#### Records provided

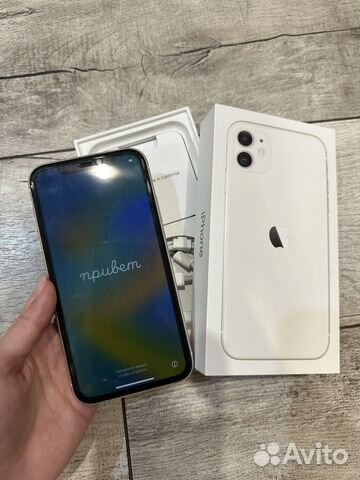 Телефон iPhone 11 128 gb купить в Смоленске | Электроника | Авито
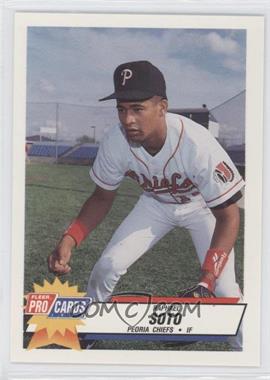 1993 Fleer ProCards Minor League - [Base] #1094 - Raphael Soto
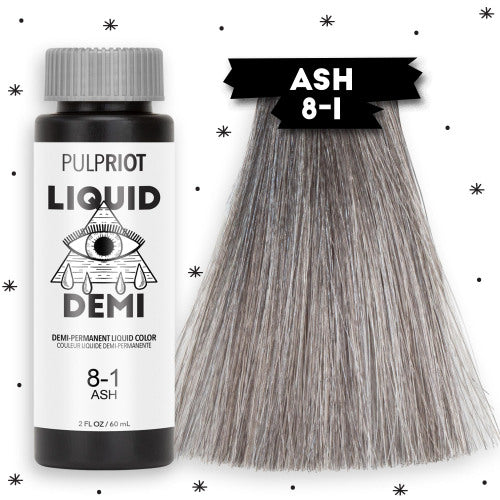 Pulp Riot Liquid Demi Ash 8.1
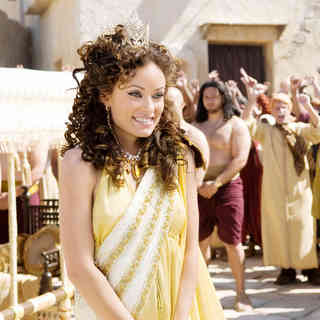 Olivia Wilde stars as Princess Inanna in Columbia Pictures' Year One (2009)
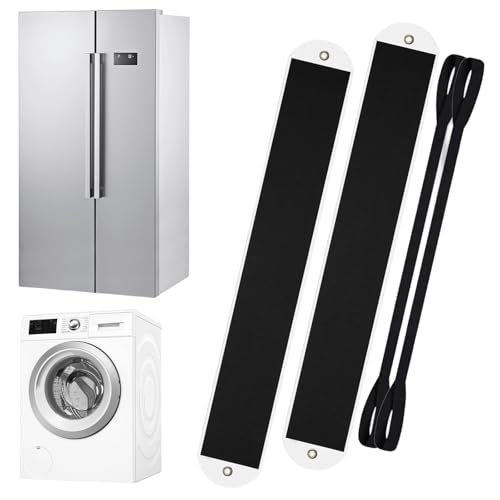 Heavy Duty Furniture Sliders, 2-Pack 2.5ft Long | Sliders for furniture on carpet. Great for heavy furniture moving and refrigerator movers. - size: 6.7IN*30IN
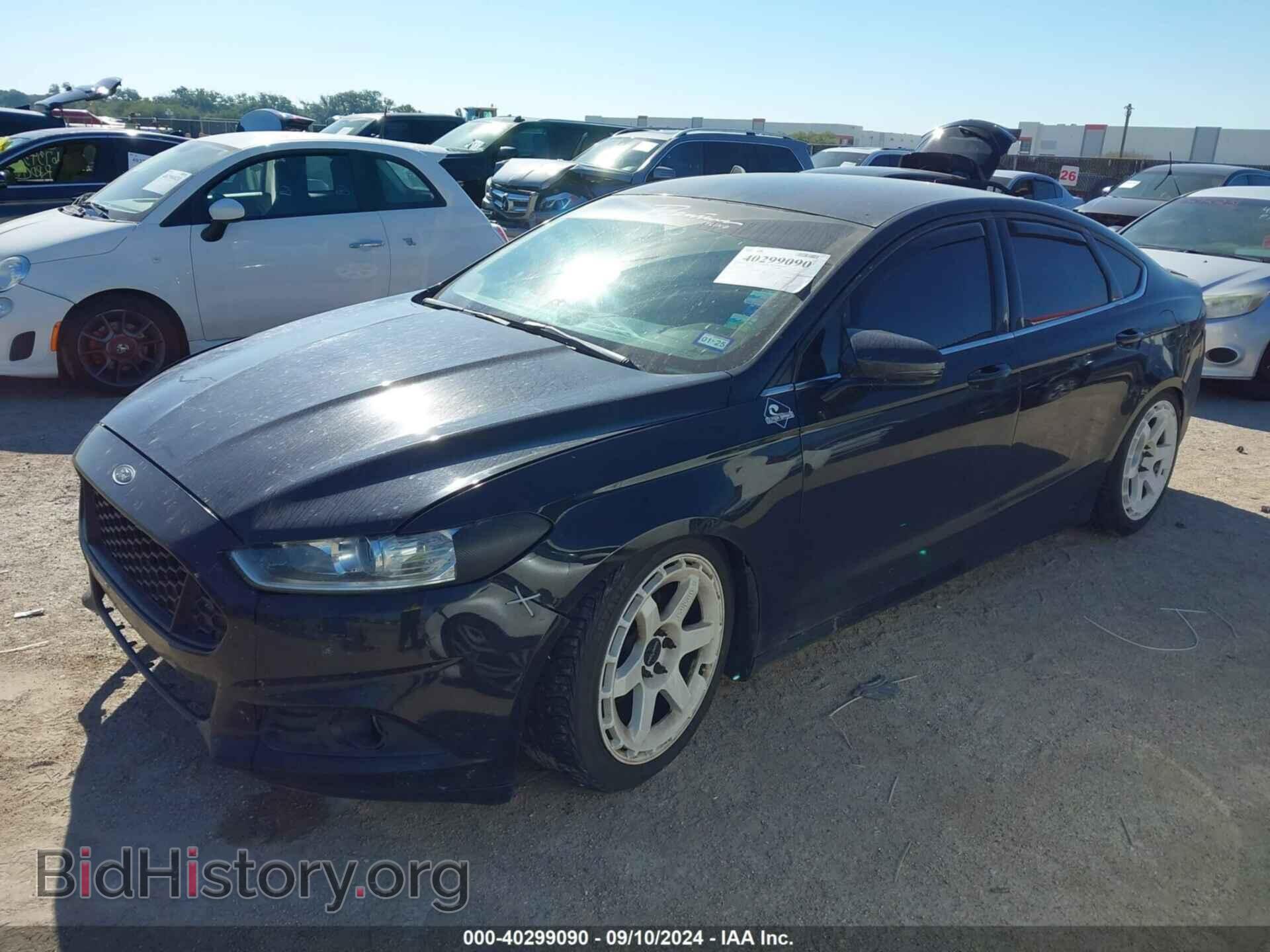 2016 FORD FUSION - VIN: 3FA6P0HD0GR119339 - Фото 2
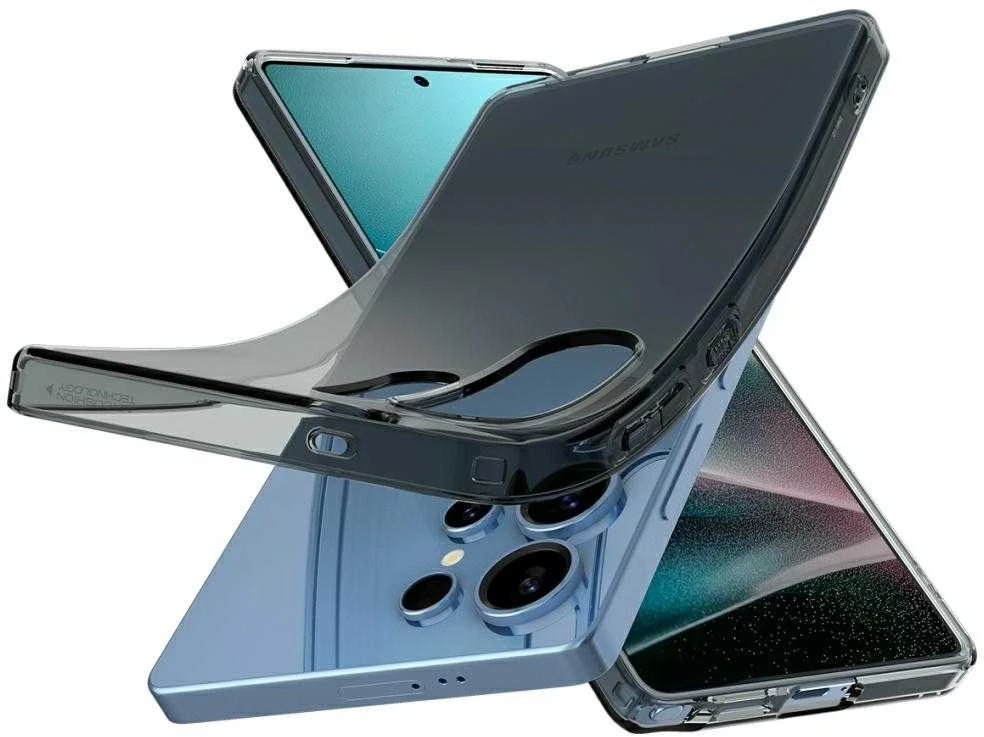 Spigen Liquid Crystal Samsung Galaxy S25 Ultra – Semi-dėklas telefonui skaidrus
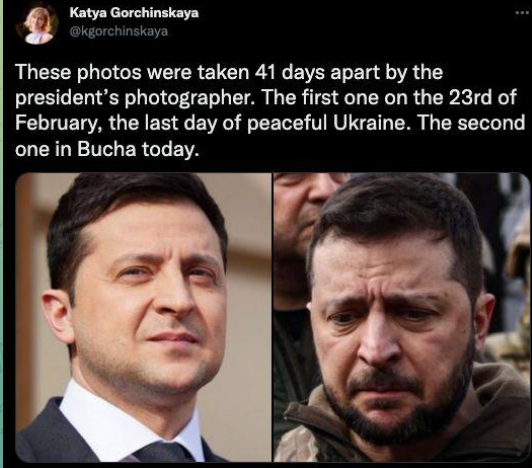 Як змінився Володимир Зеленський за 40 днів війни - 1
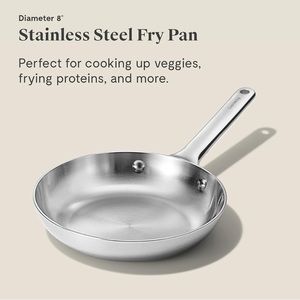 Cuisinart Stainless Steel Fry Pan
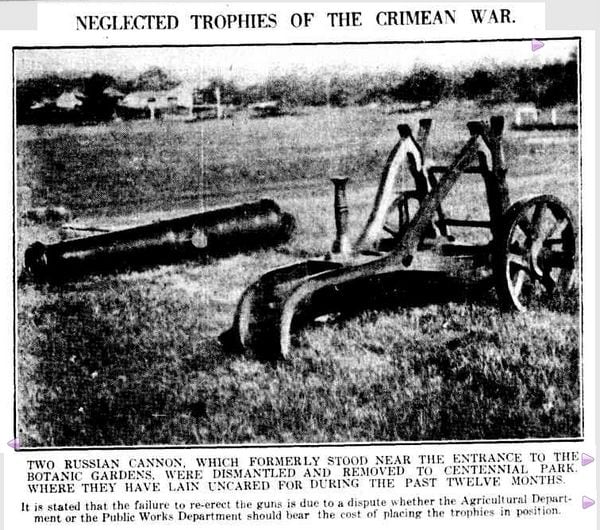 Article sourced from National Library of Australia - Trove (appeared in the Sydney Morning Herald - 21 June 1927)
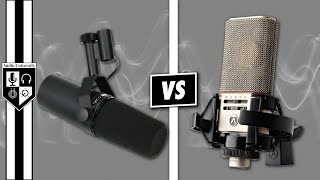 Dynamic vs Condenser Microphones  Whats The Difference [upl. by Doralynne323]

* * *

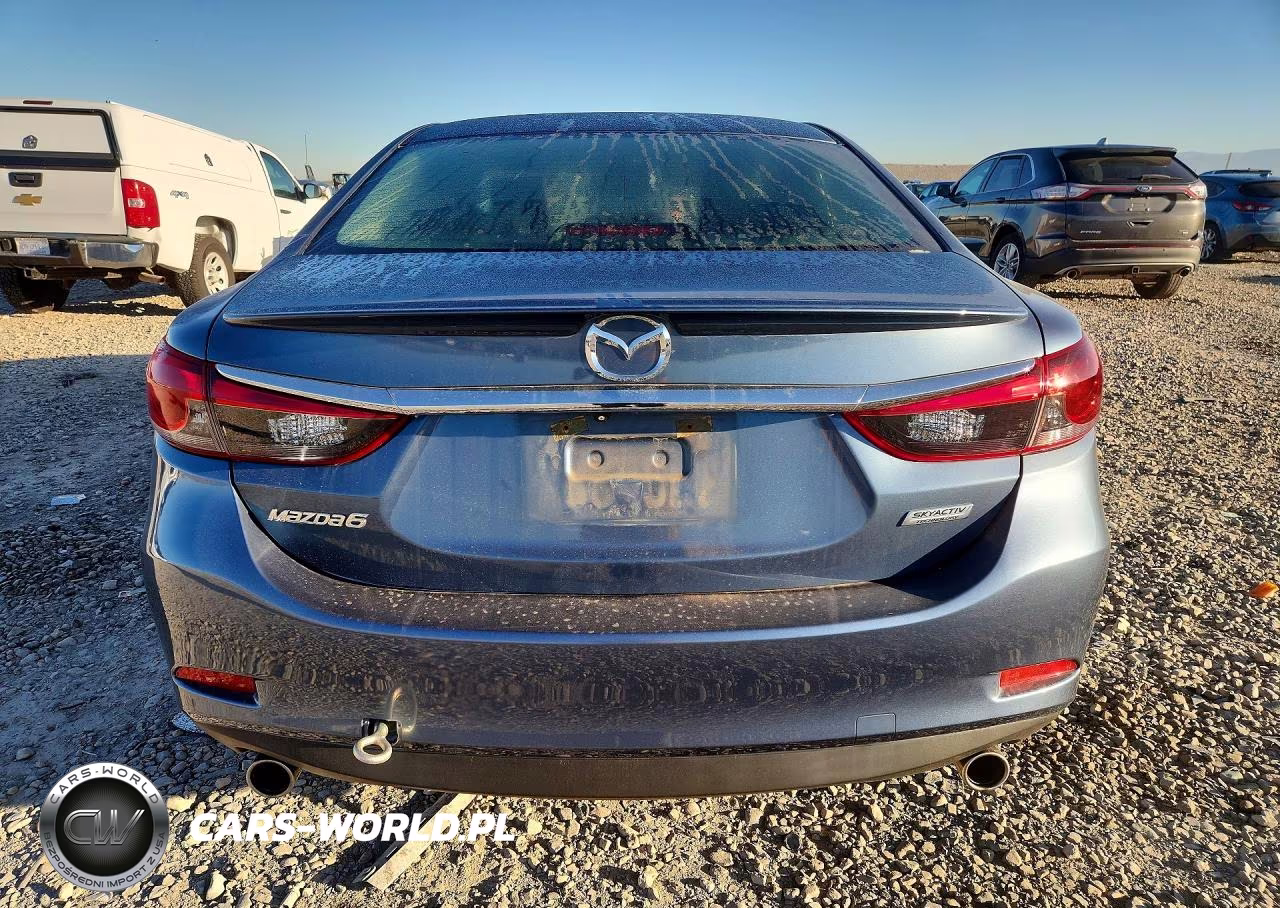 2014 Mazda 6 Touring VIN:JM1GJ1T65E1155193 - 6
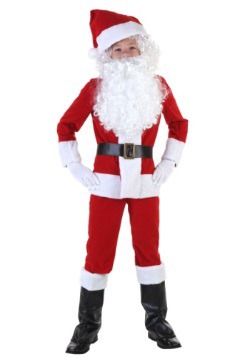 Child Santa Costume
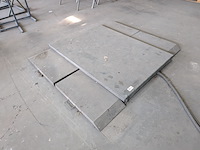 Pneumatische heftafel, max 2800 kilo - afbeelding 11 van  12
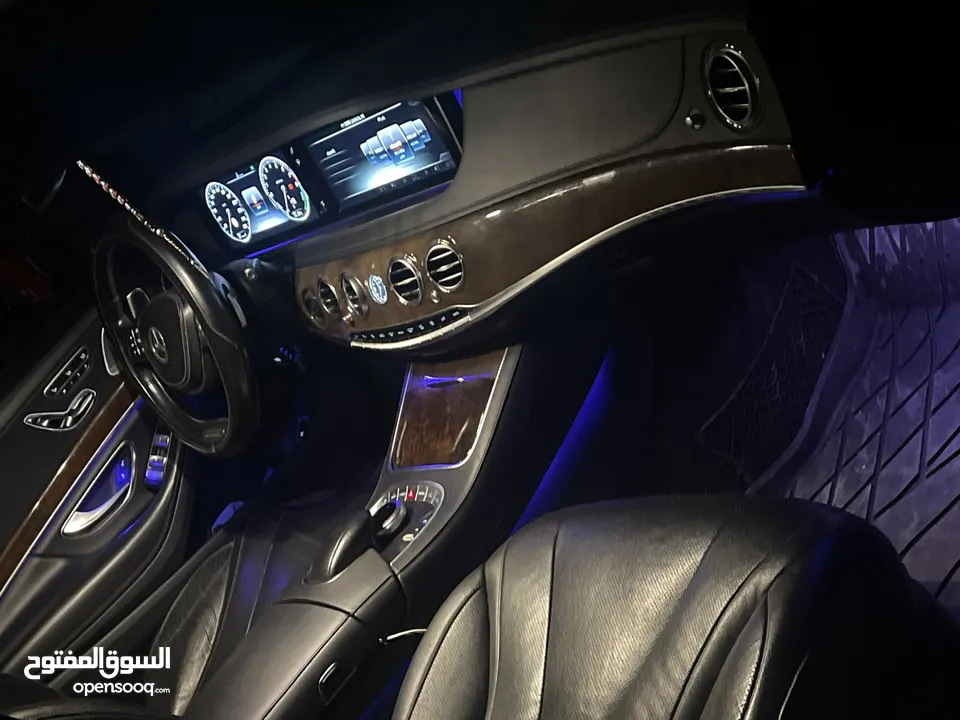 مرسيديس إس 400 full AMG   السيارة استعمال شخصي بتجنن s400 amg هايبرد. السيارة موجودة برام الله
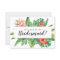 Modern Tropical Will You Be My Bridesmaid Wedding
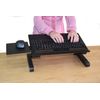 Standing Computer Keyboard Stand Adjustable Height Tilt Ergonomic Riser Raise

#### Required action
Quote the data above exactly from the line with "1993 Fleer ProCards" to the line with "Dynamic vs Condenser", both ends counted, and nothing else. Pictures don't go in.

#### Task output
 1993 Fleer ProCards Minor League - [Base] #1094 - Raphael Soto
 Pulp Riot Liquid Demi Ash 8.1
 Olivia Wilde stars as Princess Inanna in Columbia Pictures' Year One (2009)
 Heavy Duty Furniture Sliders, 2-Pack 2.5ft Long | Sliders for furniture on carpet. Great for heavy furniture moving and refrigerator movers. - size: 6.7IN*30IN
 2016 FORD FUSION - VIN: 3FA6P0HD0GR119339 - Фото 2
 Spigen Liquid Crystal Samsung Galaxy S25 Ultra – Semi-dėklas telefonui skaidrus
 Як змінився Володимир Зеленський за 40 днів війни - 1
 Cuisinart Stainless Steel Fry Pan
 Article sourced from National Library of Australia - Trove (appeared in the Sydney Morning Herald - 21 June 1927)
 Dynamic vs Condenser Microphones  Whats The Difference [upl. by Doralynne323]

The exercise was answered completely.